This week I felt I gained an insight into how the BBC will report Armageddon.
Poor old Robert Preston.
With banks disappearing and the stock market in free fall, there was a sense that ‘The End of the World Is Nigh.’
It’s a subject I’ll be looking at in my sermon tomorrow, but for these words I want to share this thought.
I do not believe we are pre-occupied with finance because it affords us happiness. Indeed poll after poll suggests that there is no great equation between riches and happiness.
Rather I wonder if the great attraction of money is that it is so easily quantifiable. When we turn our focus to things financial we can know how well we are doing. Life, in the financial realm, is about the bottom line. Money gives us something to keep track of. The Footsie is up, the dollar is down, and we consume these figures to the second decimal place.
Indeed the measurability of the world of finance penetrates every level of the financial culture of our age. We live in a world where the temptation is to measure one’s worth in terms of bonuses and wage packets. This is deeply dangerous.

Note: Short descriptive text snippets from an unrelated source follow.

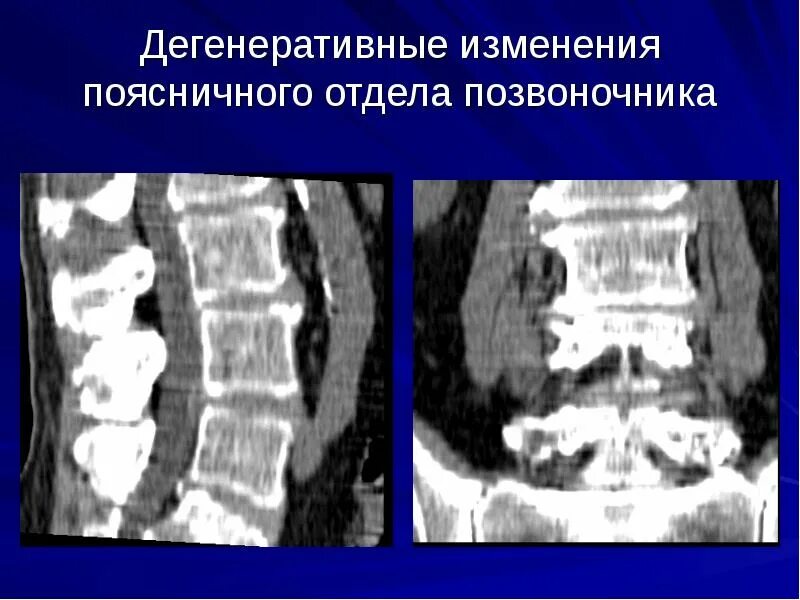 Дегенеративные изменения пояснично-крестцового отдела позвоночника. Дегенеративно-дистрофические изменения позвоночника на кт. Дегенеративные изменения позвоночника поясничного. Дегенеративные изменения позвонков.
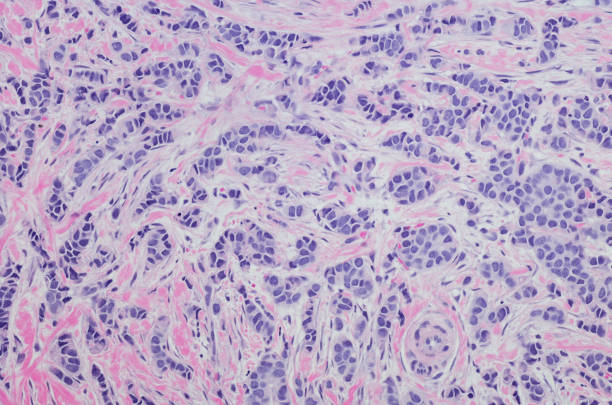 Invasive lobular carcinoma of the breast. Invasive lobular carcinoma of the breast. Invasive lobular carcinoma (ILC), sometimes called infiltrating lobular carcinoma, is the second most common type of breast cancer after invasive ductal carcinoma. Hematoxylin and eosin staining (H&E) H&E histology stock pictures, royalty-free photos & images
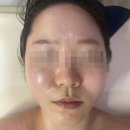 배방한라비발디아파트경로당 | [아산 배방 윤곽관리 추천] 포유에스테틱 후기 : 얼굴라인·승모근·두피까지 관리받은 배방 에스테틱...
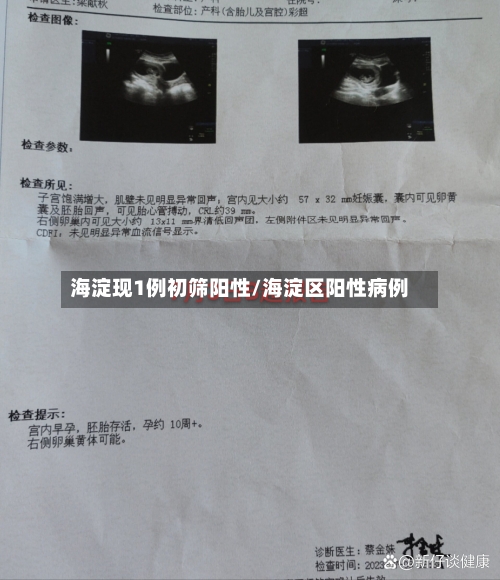 海淀现1例初筛阳性/海淀区阳性病例-第2张图片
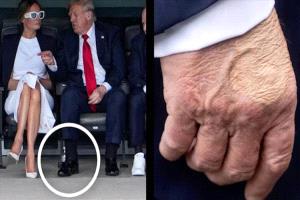 كدمات غامضة وتشخيص بمرض مزمن يثير القلق حول صحة ترامب
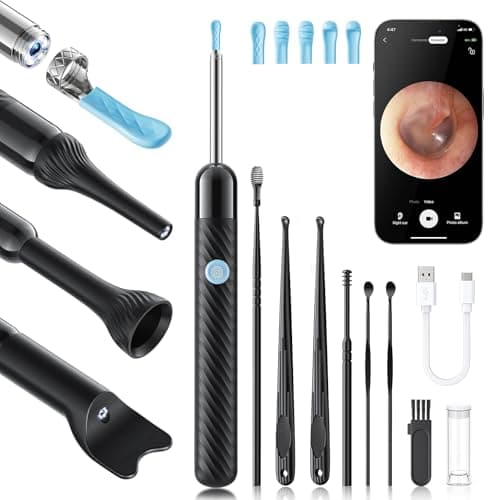 Loyker X6 Ear Wax Removal Tool Camera, Ear Cleaner with Camera, FSA - HSA Store Eligible, 1080P Ear Camera with 6LED Light for Ear/Nose/Throat/Tonsil Stone Examination, Black - Image 1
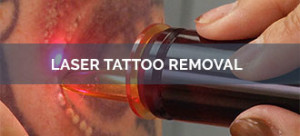 Laser Removal Surgery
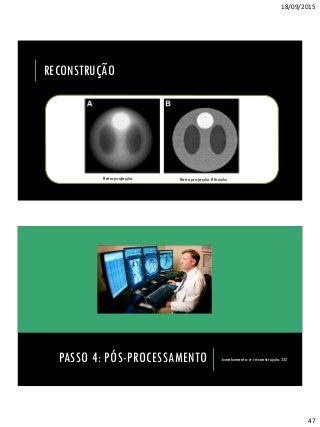 18/09/2015
47
RECONSTRUÇÃO
Retroprojeção Retroprojeção filtrada
Janelamento e reconstrução 3DPASSO 4: PÓS-PROCESSAMENTO
 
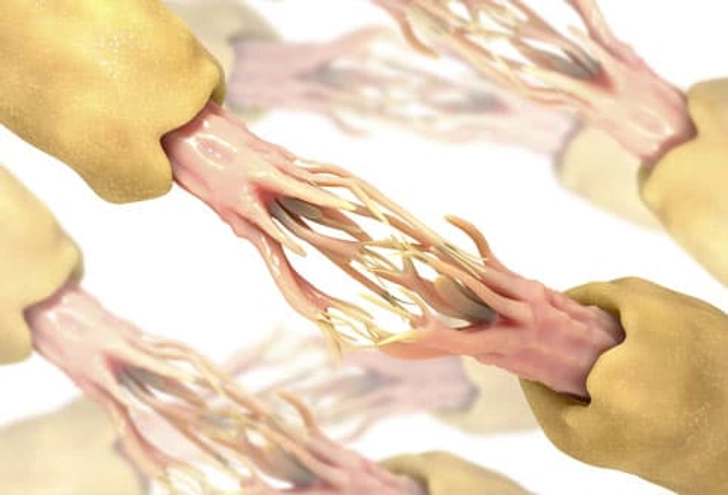 Can Shingles Cause Chronic Pain?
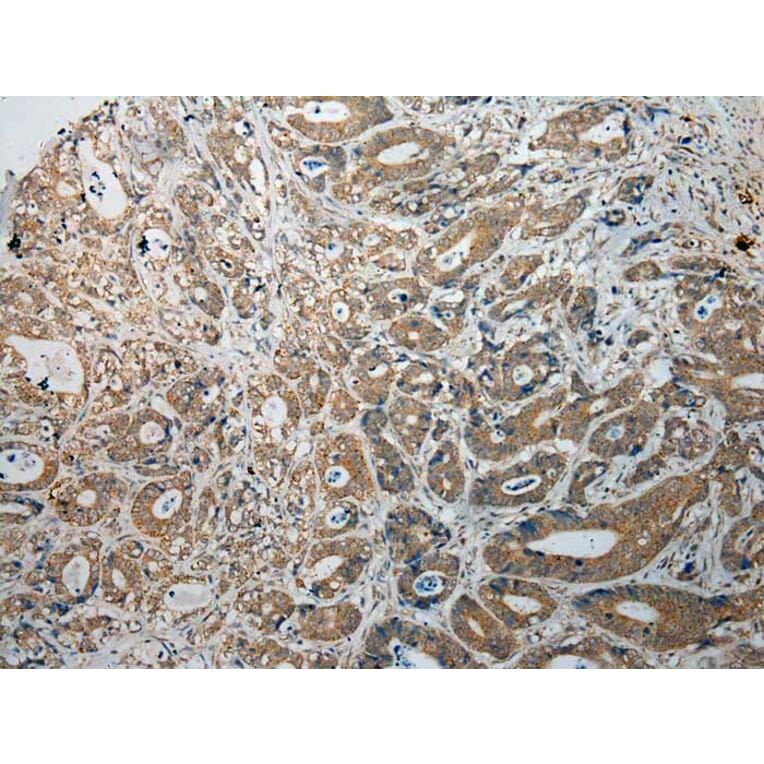 Immunohistochemistry - TPSB2 Antibody from Signalway Antibody (40165) - Antibodies.com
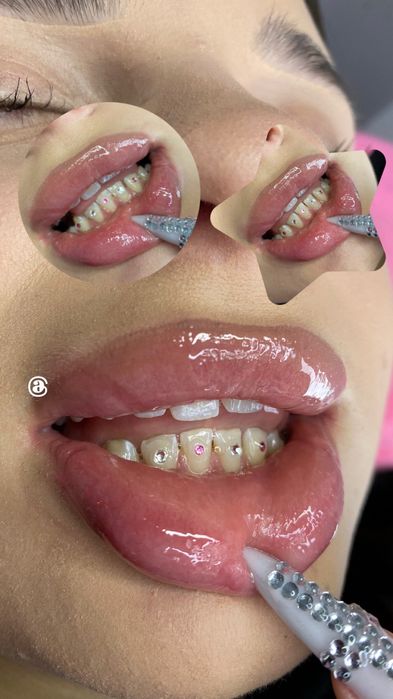 Toothgems dla pań/panów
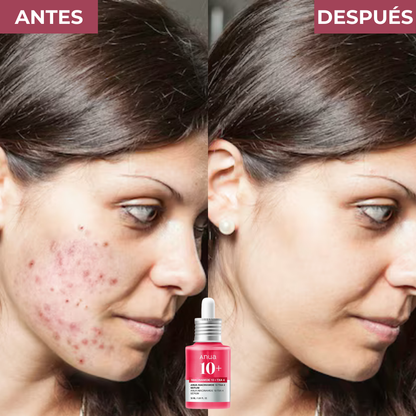 Serum Anti-manchas de Alta Potencia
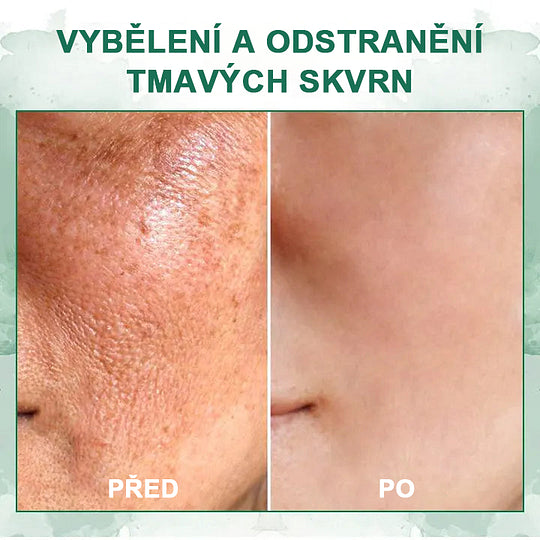【✨Dobírka✨】Poslední den akce 80% sleva - Fubsta™ Skin Firming Rejuvenation Serum🔥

The Rosh Hashanah season (beckoning with ever-increasing urgency) challenges us to find other ways to measure the successes and failures of our lives. The scales of success and failure we are asked to self-evaluate on Rosh Hashanah resist the quantification of the world of finance.
How much love did we share?
How many lies did we tell?
How many lives did we better?
How many decent people did we hurt?
These questions evade simple measurement and, in a world where the quantifiable question tempts us so much more than the impossible-to-measure, the temptation is simply not to bother with questions that don’t have easy answers.
My plea is that we allow our internal accountant-of-the-soul the space and the opportunity to engage seriously with these more important questions; for this is truly how to measure the value of a life.